President Donald Trump’s campaign, the National Republican Committee, and three affiliated political groups raised nearly half a billion dollars from mid-October through late November, the campaign announced on Thursday evening, including more than $200 million since Election Day.
The eye-popping sum came after weeks of relentless fundraising by Trump and national Republicans, who used baseless claims of a widespread conspiracy to illegally deny the president a second term to rake in huge sums from grassroots Trump supporters. That fundraising push has largely asked for funds to attempt to overturn the 2020 presidential election in court, where the campaign has so far been wildly unsuccessful in convincing any judge of its case.
In total, the campaign, the RNC, and two joint fundraising accounts brought in at least $495 million from October 15 through November 23.
“These tremendous fundraising numbers show President Trump remains the leader and source of energy for the Republican Party, and that his supporters are dedicated to fighting for the rightful, legal outcome of the 2020 general election,” Trump campaign manager Bill Stepien said in a statement on the campaign’s finances.
The legal outcome—President-elect Joe Biden’s victory—is, in fact, already known.
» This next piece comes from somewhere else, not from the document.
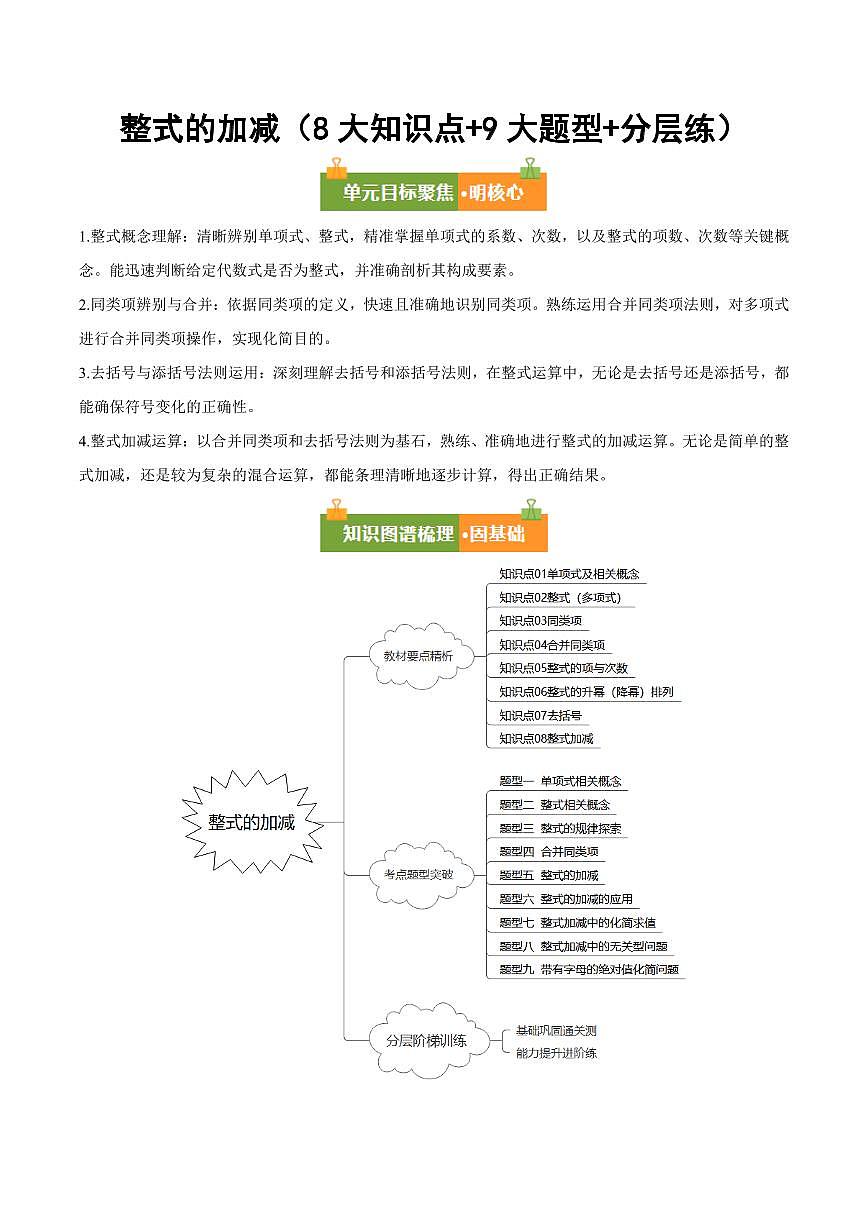 整式的加减(8大知识点+9大题型+分层练)(原卷版)第1页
But the campaign and the RNC have propped up the fiction of a vast anti-Trump conspiracy involving rigged voting machines and the deceased president of Venezuela as they continue pulling in money for activities mostly unrelated to the litigation Trump’s attorneys have pursued in states around the country.
That litigation has been almost uniformly unsuccessful. Courts in multiple states have tossed out the campaign’s efforts to prevent the certification of Biden’s electoral college victories and disenfranchise huge numbers of largely Democratic voters.
Trump’s legions of grassroots supporters have nonetheless stepped up to fund the effort, even as some of his higher dollar donors head for the exits. But a large portion of those grassroots donations haven’t actually funded the post-election legal fights. Much of it went towards retiring Trump campaign debt, and a significant portion has financed Save America, the leadership PAC created in the aftermath of the election, as it became clear Trump will not be re-elected.
Trump will likely use that group to finance expenses associated with an anticipated 2024 presidential run—or at least a trial run over the next few years as he ponders one. The Trump Make America Great Again Committee, one of the two RNC-campaign joint fundraising accounts, is now steering 75 cents of every dollar donated to that group—a fact that’s only evident in the fine print of its solicitations.
In its first two weeks in existence, Save America raised about $570,000, according to its inaugural financial filing with the Federal Election Commission, nearly three quarters of that sum coming from donations of under $200. Its only expenditures were merchant fees paid to the GOP fundraising platform WinRed—meaning all the group did in its first two weeks was raise money, despite the frequent fundraising appeals invoking a fight against election fraud.
Leadership PACs generally use the money they raise to shell out funds to like-minded elected officials, often as a way of building political capital. But such groups are frequently criticized for the wide latitude they give the officials that control them to spend money on activities that are at best tangentially related to actual political activity. Numerous federal officeholders, for example, have been scrutinized for spending leadership PAC funds on personal expenses.
The rules governing leadership PAC spending, which are more lax than regulations on actual campaign committees, mean that Trump will be free to spend the money that Save America raises on a wide variety of activities—and, if he pleases, at plenty of Trump properties—as he mulls another run at the White House in four years.